Instead of staying at the resorts, I opted to stay in Interlaken. It's a really nice, picturesque town that offers people a lot to do. I made sure to take advantage of that.....like ski diving the Swiss alps 
It can be quite expensive but there are great deals to be had if you just look.

Half time I was there, I stayed at a decent place called hotel mattenhoff. Real friendly staff that serves great local beer. 
Hotel Mattenhof Resort AG, Interlaken
It's attached to a hostel so you do meet a lot of different people

The other half was spend staying at the Victoria. Extremely expensive, but very nice, although in hindsight it would have been better for me to have stayed at mattenhoff...liked the people there better...hope that helps


----------



## mikez (May 12, 2009)

JonesyMalone said:


> Thanks for the info Mike. We'd been planning on doing Zell, but I'll keep St. Anton in mind. Regardless, I gotta fly in via Munich to rendezvous with the GF who is finished a business trip in Europe.
> 
> Any suggestion on the best way to rent gear (sports chains, or individual stores? Available on the mountain, or only in the towns?)

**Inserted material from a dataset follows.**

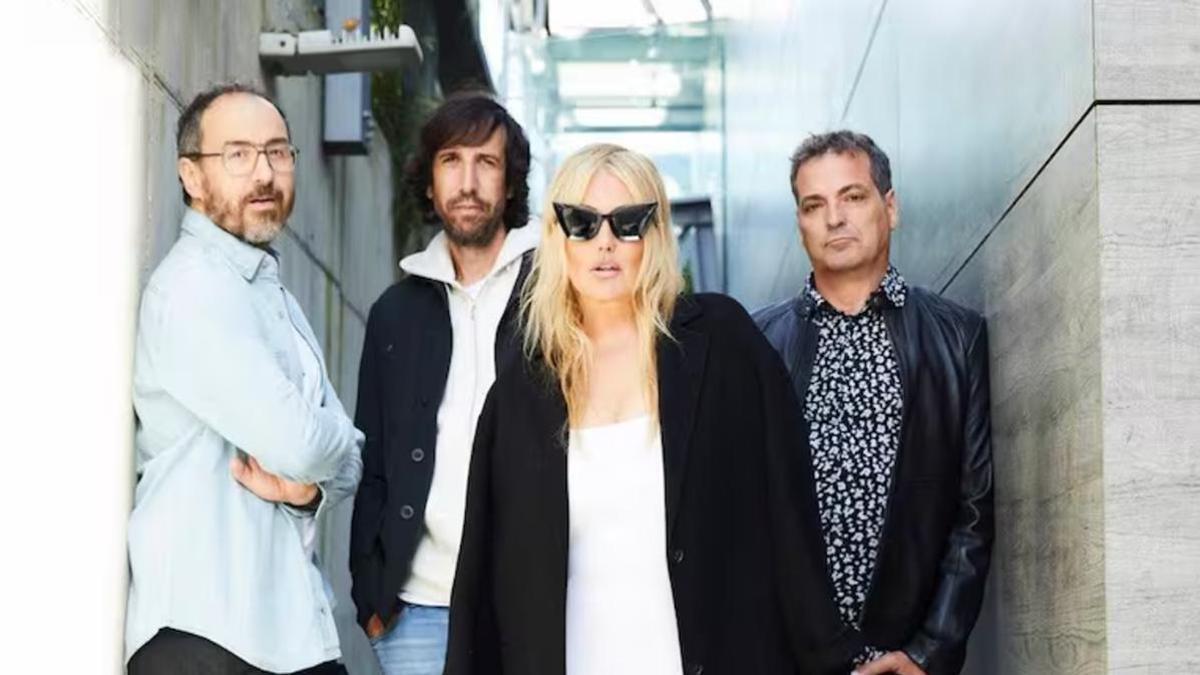 Amaia y el resto de miembros de La Oreja de Van Gogh en la imagen compartida por el grupo.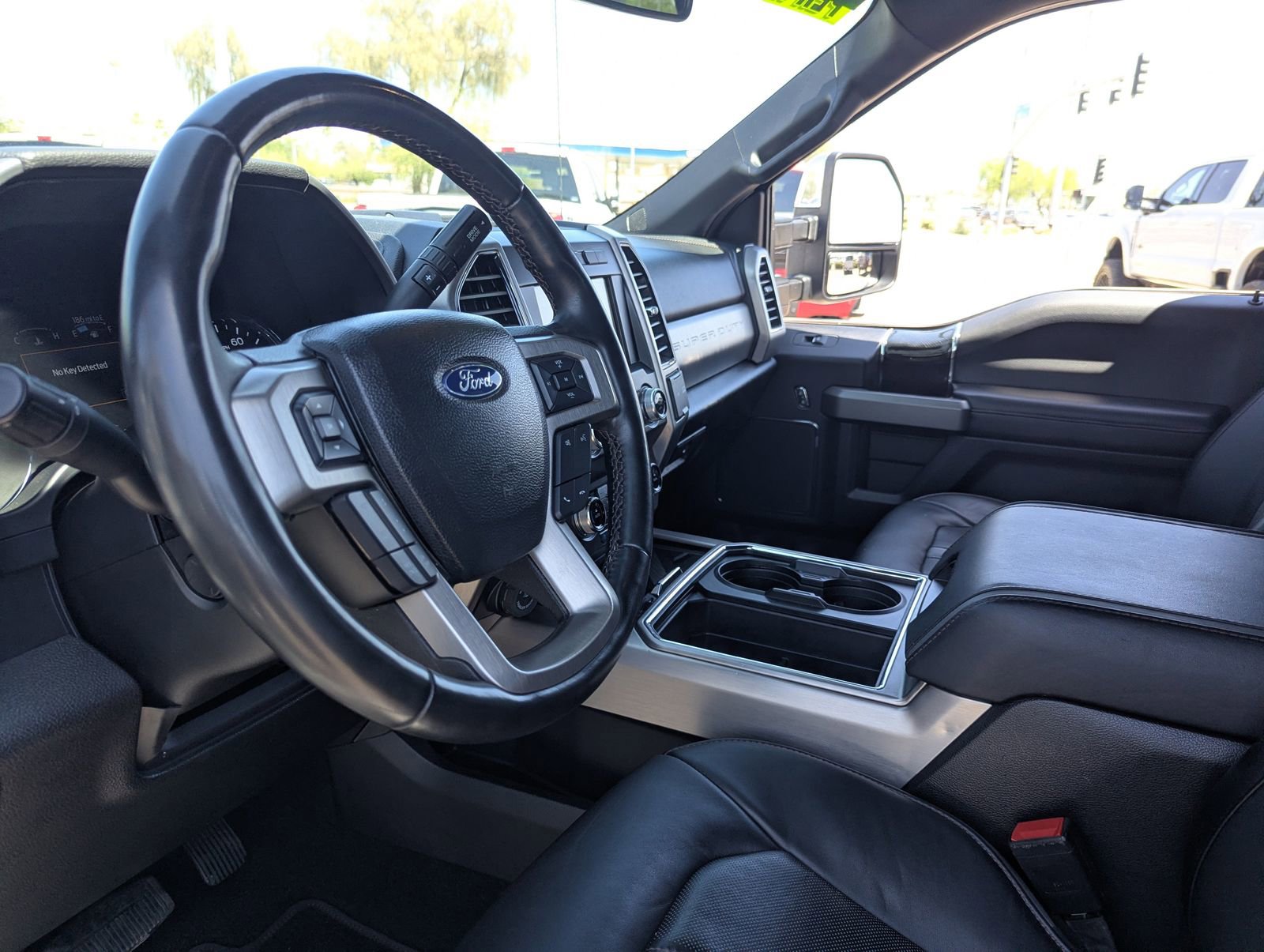 Certified 2021 Ford F450 Platinum w/ FX4 Off-Road Package AWD/4WD image 16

I haven't rented for a while, but there are always a bunch of stores in every town. If there's nothing next to your accommodation, there'll be an Intersport or something similar near whichever chairlift or gondola you use.

I just got back from Zell. It's nice out there at the moment. Not too busy. Be sure to visit the nearby glacier (Kitzsteinhorn) for a day. Lots of runs up there, well above the tree line and 3-4 ungroomed and unpatrolled routes - essentially marked off-piste. Great if the snow is good.


----------



## corneilli (Nov 26, 2012)

Intersport is the way to go for renting stuff  Although some of the people who work there aren't so smart (my strap was broken and i just needed a new screw,it took him 30 min to find a screw and screwdriver..). But other than that, great shop


----------